What is required
In the entries below, repeat only the lines between those holding "Snapshot of CocoBootyyy" and "Chanel CC Logo Crystal Earring Sliver Tone", inclusive. Leave pictures out.

Given entries

►

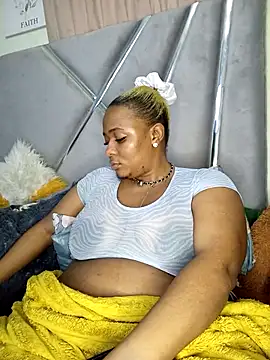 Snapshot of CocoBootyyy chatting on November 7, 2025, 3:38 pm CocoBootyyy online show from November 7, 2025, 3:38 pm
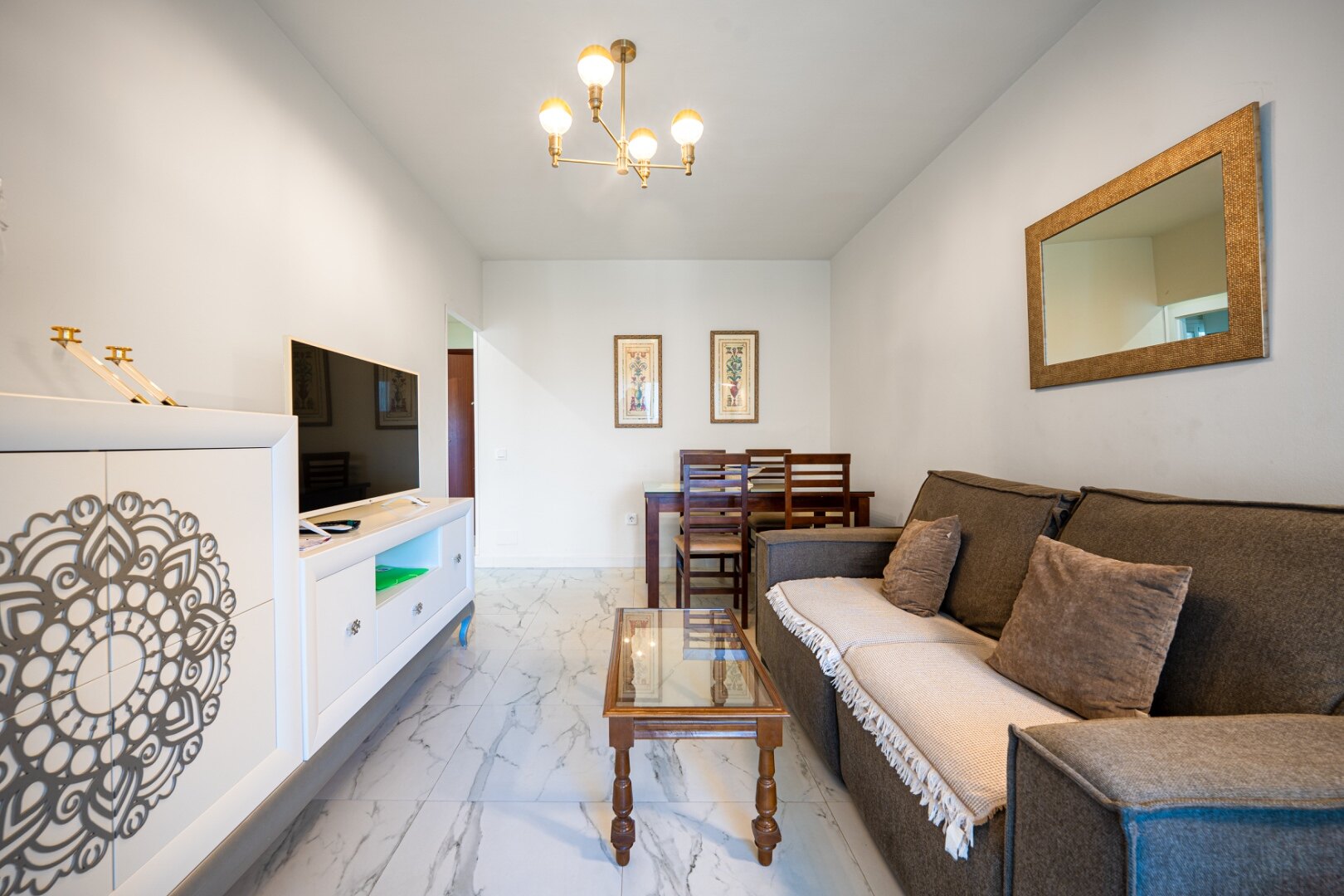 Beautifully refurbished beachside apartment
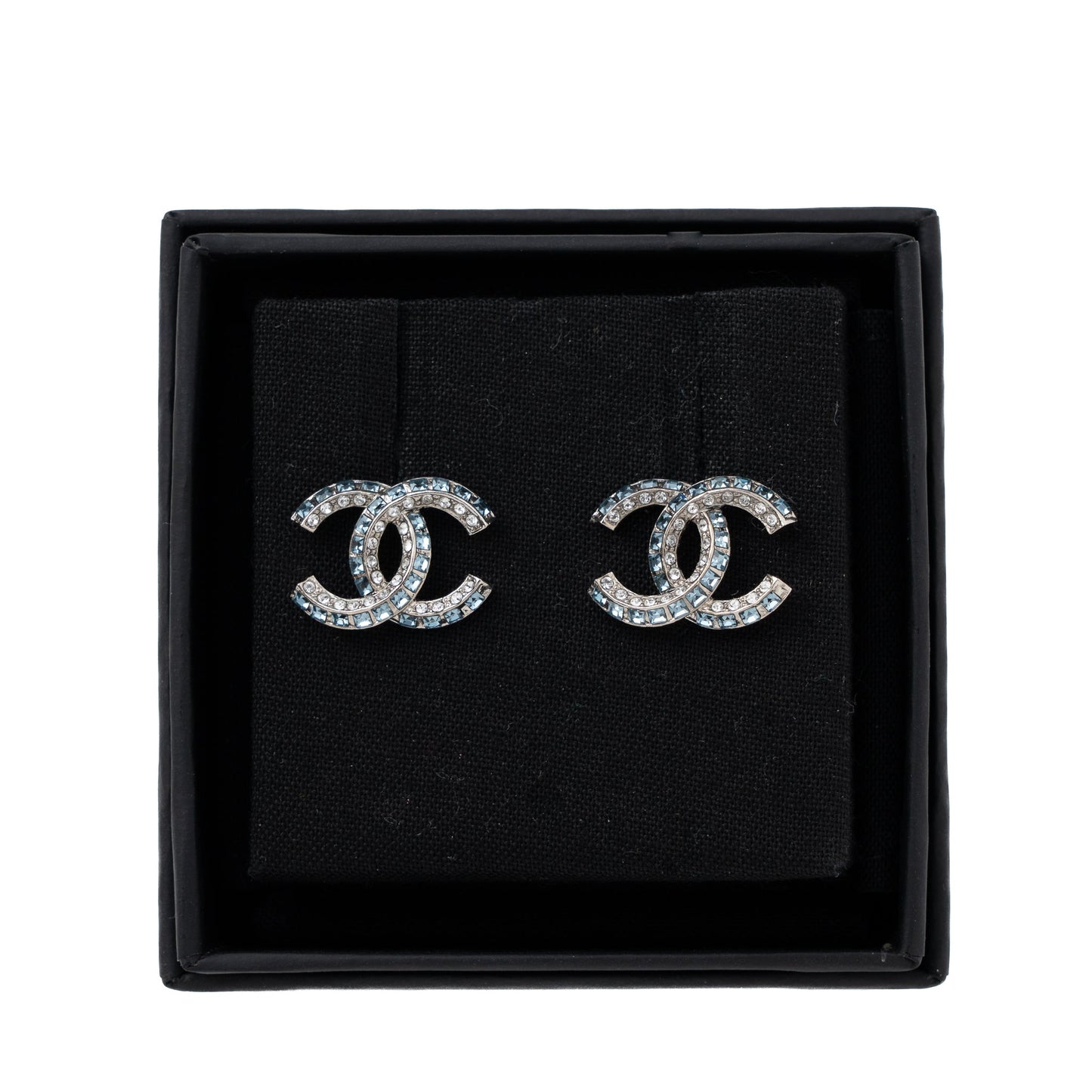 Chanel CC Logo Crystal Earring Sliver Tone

◄
►

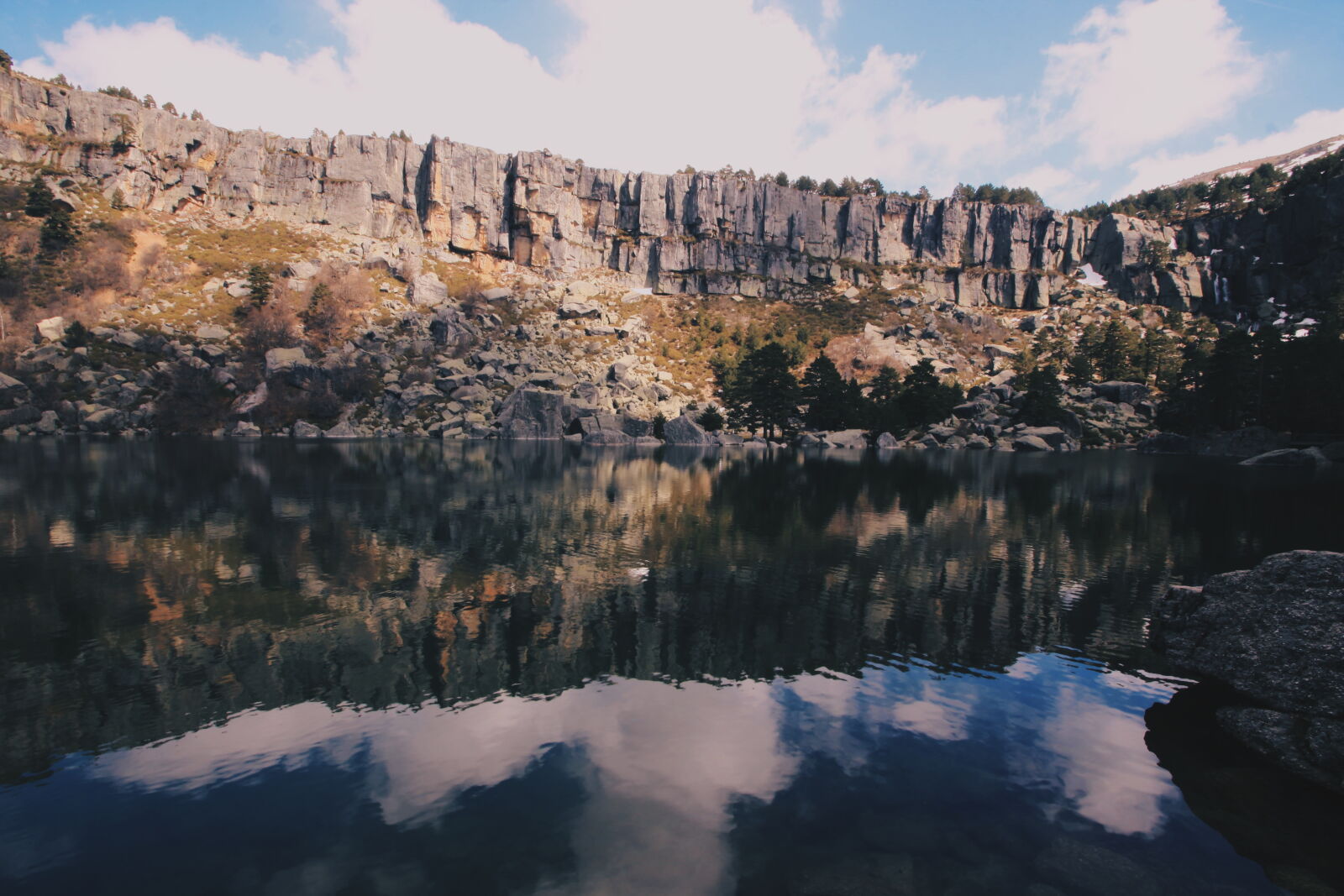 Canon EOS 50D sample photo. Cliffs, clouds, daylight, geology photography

◄
►

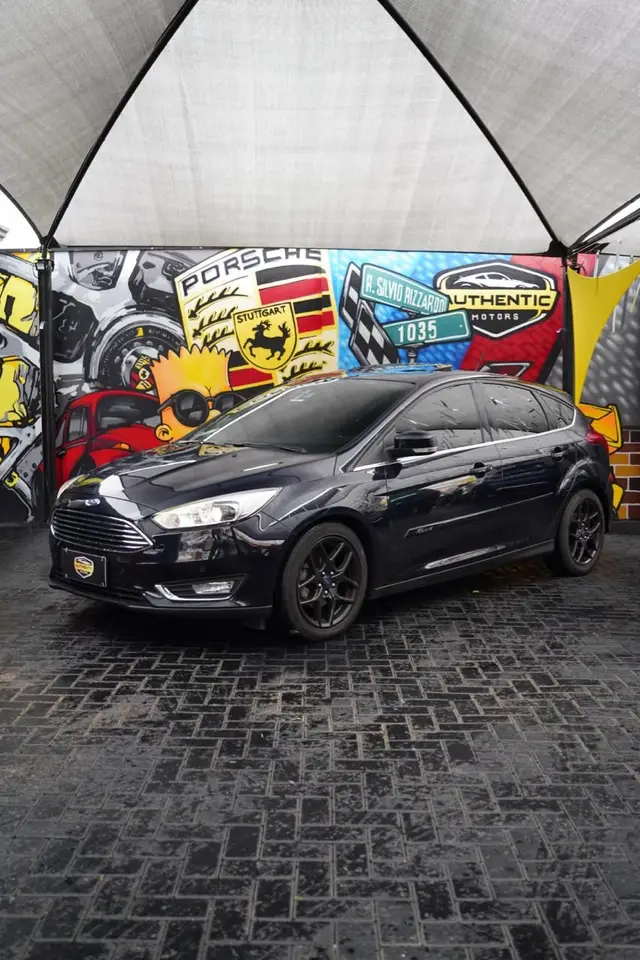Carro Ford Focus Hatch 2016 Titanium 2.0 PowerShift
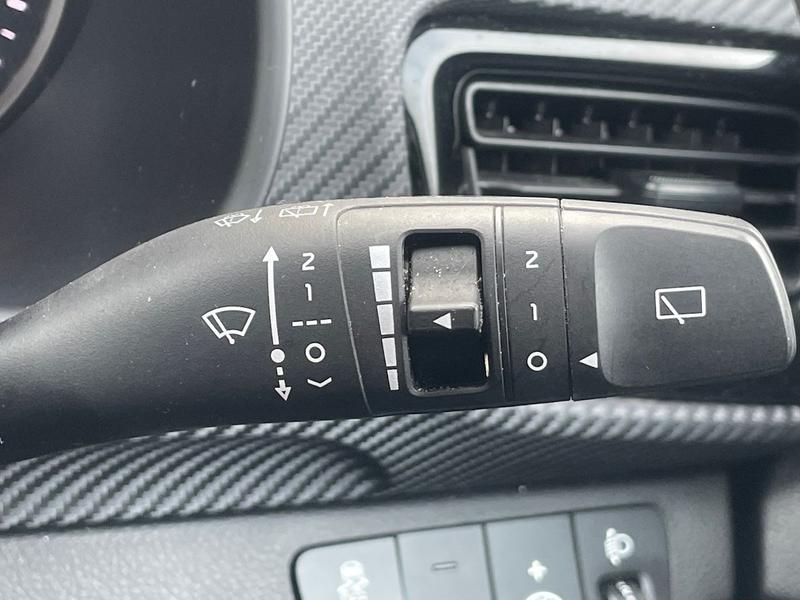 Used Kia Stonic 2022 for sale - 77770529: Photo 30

◄

Solution to this problem
 Snapshot of CocoBootyyy chatting on November 7, 2025, 3:38 pm CocoBootyyy online show from November 7, 2025, 3:38 pm
 Beautifully refurbished beachside apartment
 Chanel CC Logo Crystal Earring Sliver Tone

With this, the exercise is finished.